Let me address the second question first. The part of the supplement that you referenced shows that the subspace corresponding to a 3D point is affine, and derives an expression for this affine transform in terms of the depth of the point, and the depth of the planes in the original parameterization. This expression shows that the larger the depth difference between the planes in the original parameterization and the depth of the point, the bigger the difference between the original parameterization and the true (x, y) coordinates of the point that the ray intersects. The affine re-parameterization network can learn to "undo" this transform.

With regards to the interpolation kernel explanation --- this is meant to justify why an MLP with axis aligned positional encoding needs to match rays to 3D points in order to interpolate well (which I stated without much justification in my earlier answers). An axis-aligned Fourier Feature Network induces interpolation kernels that are axis-aligned on its input space. In this case, without embedding, the kernels of a vanilla light field network will be aligned with (u_hat, v_hat). When the original parameterization is bad, then the difference between (s_hat, t_hat) and (u_hat, v_hat) is large, and these interpolation kernels will not be aligned with (s_hat, t_hat). It's much better to have interpolation kernels that only vary when we change the 3D point that a ray intersects. Otherwise, we might get unwanted changes in the output light field for unobserved views.

For your first question, the reason that affine embedding is better than feature embedding is again related to our desire to make the embedding signal as simple/smooth as possible. If we consider a scene with smooth, or constant z-depth, then the affine embedding network can actually learn the same affine transform for all rays (even if these rays observe different points!) --- as discussed above, the orientation of the affine subspace only depends on z-depth. However, a feature-embedding will have to learn a different feature for every 3D point. This is especially a problem for scenes with complex spatial texture.

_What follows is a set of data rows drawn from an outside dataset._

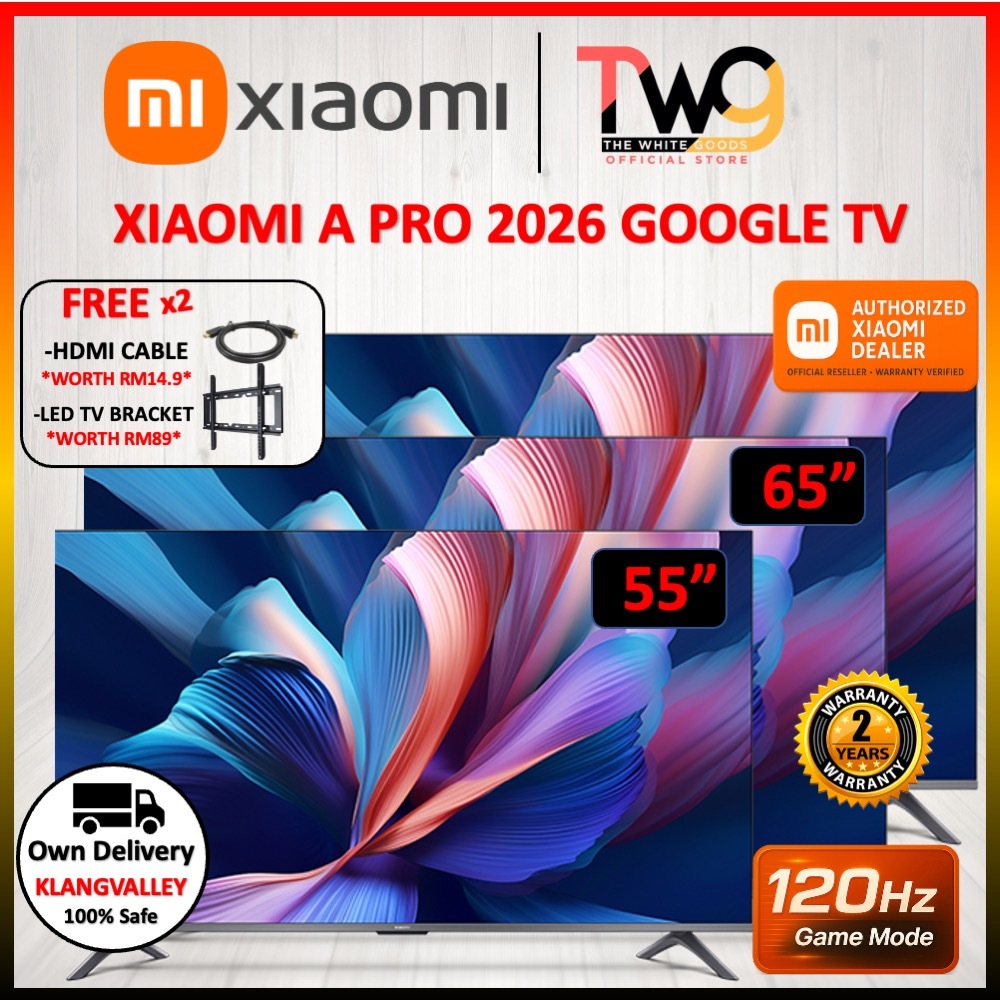 【CHEAPEST + 2 GIFT】Xiaomi TV (32 / 43 / 55 / 65 Inch) A PRO 2026 4K QLED UHD LED GOOGLE TV (A / A PRO / A PRO 2026)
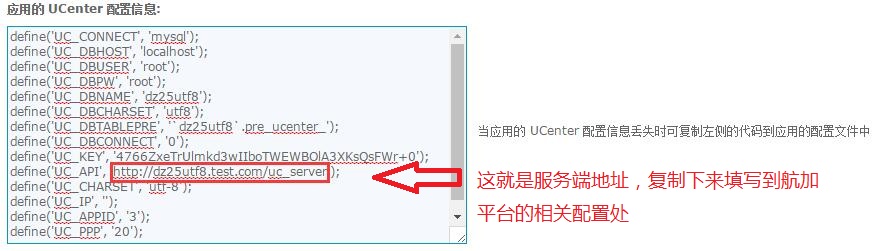 Ucenter服务端地址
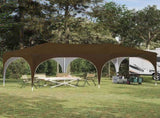 Pop-up Party Tent 575 x 288 x 245 cm Taupe Oxford Fabric 42019883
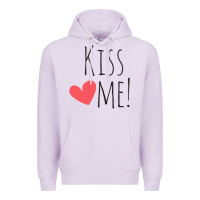 Lilac Kiss Me Premium Hoodie - artisFamous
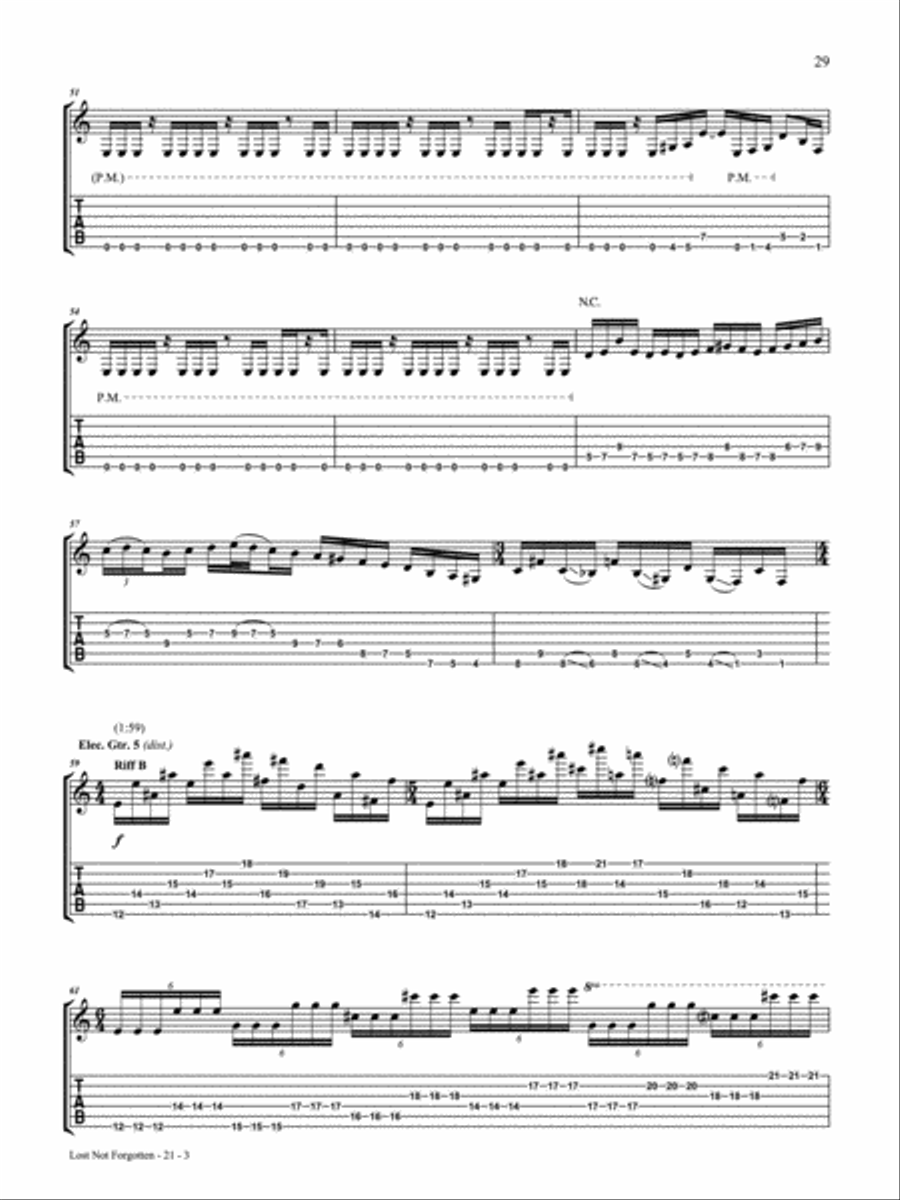 Lost Not Forgotten Guitar Tablature scores gallery preview page 3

Taking this idea further, it may be possible to design embeddings that are smoother/simpler for a wider variety of scenes. For example, you might be able to predict plane parameters with the embedding network (e.g. plane normal, distance from origin), or other geometric primitives, which could work well for scenes that are approximately planar (but do not necessarily have constant z-depth).

dlutzzw commented 1 year ago

I seem to understand what you mean.

Take the ideal case in Appendix B as an example (texture square--every 3D surface point has the same depth) image

Under this condition, the purpose of the affine transformation is to calculate (s, t) by using the input (x, y, u, v) ray coordinates and using Zst and Zuv of known depths. If a set of rays are emitted from the same 3D point, then their computed (s, t) is equal. Also, according to similar triangles, their affine transformation from (x, y, u, v) to (s, t) is the same. In a more special case, if the depth of the entire texture square is the same, then the affine transformation of all rays from (x, y, u, v) to (s, t) is the same - according to similar triangles. Right?

Finally, the advantage of using loacl affine embedding (AX+B) is that for a set of rays emitted from the same 3D point, their affine transformations are the same (similar triangles), so it is easier to learn for the embedding MLP network.

But for feature-space embedding, for a set of rays emitted from the same 3D point, if they want the same embedding feature after passing through the embedding network, the network needs to learn different transforms on each ray (unknown transform), this task is more difficult for embedding MLP network.

I don't know whether my understanding is correct or not.